Modric Mengalahkan Ronaldo, Griezmann, Mbappe & Messi Untuk Meraih Penghargaan Ballon d’Or 2018

Luka Modric

Luka Modric telah mengalahkan kompetisi dari pemain seperti Cristiano Ronaldo, Antoine Griezmann dan Lionel Messi untuk dinobatkan sebagai pemenang Ballon d’Or 2018.

Gelandang Real Madrid memainkan peran penting bagi klubnya saat mereka menyerbu ke gelar Liga Champions ketiga berturut-turut, serta menempatkan Kroasia di tempat kedua di Piala Dunia 2018 di Rusia.

Dengan Perancis memenangkan Piala Dunia, Griezmann, Kylian Mbappe dan bahkan rekan setim Modric di Madrid, Raphael Varane, berada di antara favorit bersama duo Evergreen Ronaldo dan Messi.

Namun, eksploitasi Kroasia sepanjang tahun – yang termasuk dianugerahi Golden Ball di Piala Dunia – tampaknya dia muncul menjelang sisa paket dan menjadi yang pertama dari negaranya untuk mengangkat penghargaan.

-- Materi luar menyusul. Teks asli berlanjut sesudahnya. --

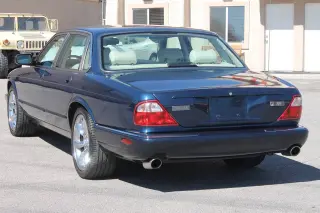 2000 Jaguar XJR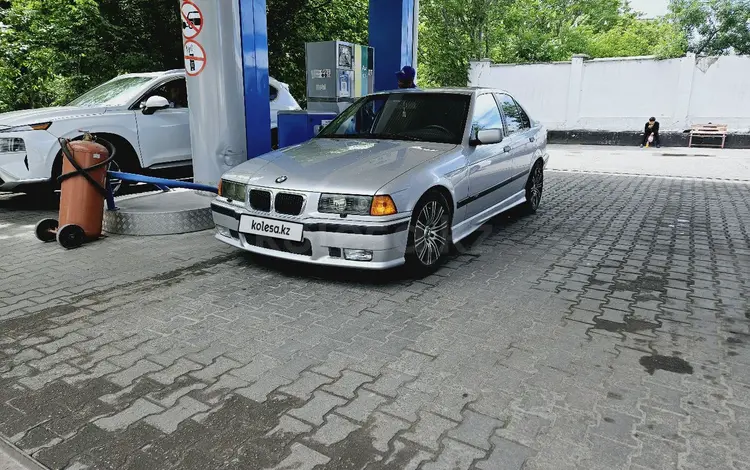 BMW 325 1993 годаүшін3 000 000 тг. в Шымкент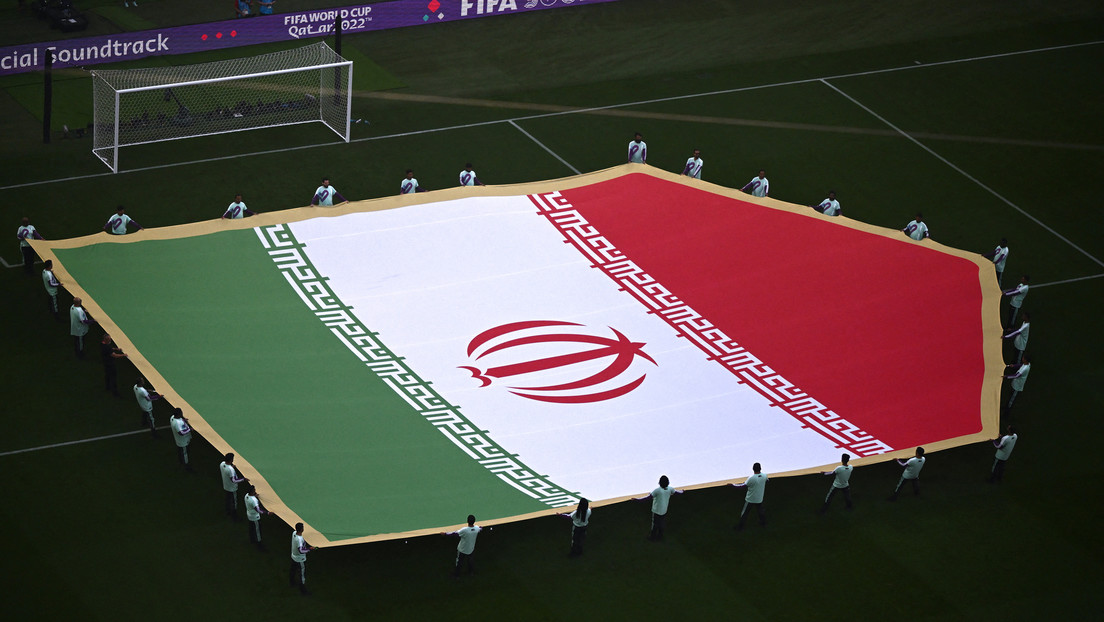 Teherán pide la expulsión de EE.UU. del Mundial por publicar una imagen modificada de la bandera iraní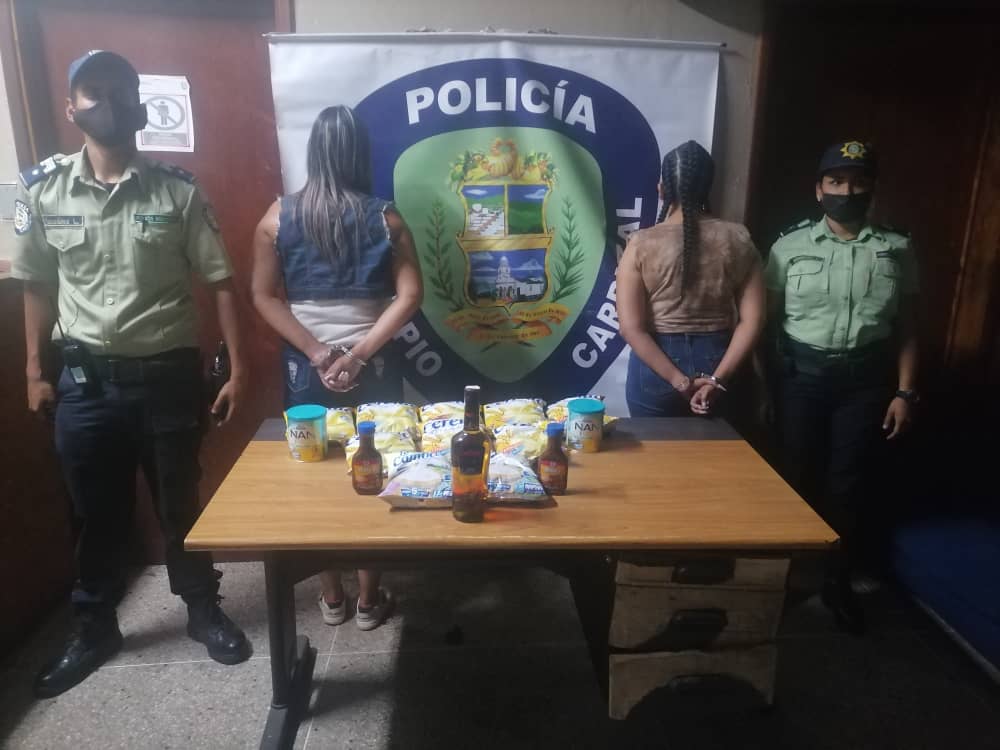 Presas dos mujeres por hurto de alimentos y licores en Carrizal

Memang, Modric telah menjadi pemain pertama yang memecahkan duopoli Messi dan Ronaldo dari penghargaan tersebut sejak 2007, dengan ikon Brasil Kaka menjadi yang terakhir untuk mengangkat trofi sebelum bintang-bintang Argentina dan Portugal mengumpulkan lima di setiap tahun berikutnya.

“Ini perasaan yang unik, saya senang, bangga dan itu suatu kehormatan,” katanya saat menerima penghargaan itu. “[Ada] emosi luar biasa saat ini.

“Saya hanya ingin berterima kasih kepada semua orang yang membantu saya untuk berada di sini malam ini, saya berterima kasih kepada rekan satu tim saya, pelatih saya, staf dan Real Madrid, semua orang yang bekerja di sana, para pelatih dan rekan satu tim di tim nasional, orang yang memilih saya dan keluarga saya, yang memungkinkan saya untuk berkembang sebagai seseorang.

“Selalu punya mimpi, saya ingin bermain di klub besar, memenangkan gelar, Ballon d’Or adalah semua yang dapat saya impikan [tentang] sebagai seorang anak, itu adalah kehormatan untuk memenangkannya malam ini.

“Senang sekali berada di sini di sekitar pemain-pemain ini. Saya terus berpikir, saya mencoba membiasakan diri menjadi bagian dari kelompok pemain luar biasa yang telah memenangkan Ballon d’Or dalam sejarah. Sangat senang bisa menjadi bagian dari grup ini.

“Sepanjang karir saya, saya memahami bahwa pekerjaan, ketekunan, percaya pada diri sendiri, adalah dasar untuk mengekspresikan bakat Anda. Saya suka pepatah – yang terbaik tidak pernah mudah. ??Bagi saya, itu tidak mudah. ??Itu perlu untuk merebut peluang.”

Sang gelandang percaya mengubah perannya di lini tengah telah menjadi titik balik dalam karirnya, mengatakan itu semua datang bersama saat ia berada di Tottenham.

“Mengubah posisi memungkinkan saya untuk mengembangkan permainan saya, sebelum saya lebih sebagai pemain ofensif. Ketika saya mundur, saya memiliki visi yang lebih baik dari permainan, saya bisa lebih baik mengekspresikan kreativitas saya, permainan saya. Di tahun kedua saya di Tottenham, saya bermain gelandang dan saya merasa lebih baik di tengah. Dan itu adalah keputusan yang mengubah diri saya.”

Modric, yang juga memenangkan penghargaan Pemain Terbaik Pria FIFA tahun ini, selesai di depan mantan rekan setimnya di Madrid, Ronaldo, dalam pemungutan suara, membuat ikon Portugis menetap untuk tempat kedua untuk pertama kalinya dalam tiga tahun.

Bintang Prancis, Griezmann, menempati tempat ketiga dalam polling, dengan sesama pemenang Piala Dunia Mbappe berada di belakang. Messi, sementara itu, turun di luar dua teratas untuk pertama kalinya dalam 11 tahun dan masuk kelima kali ini.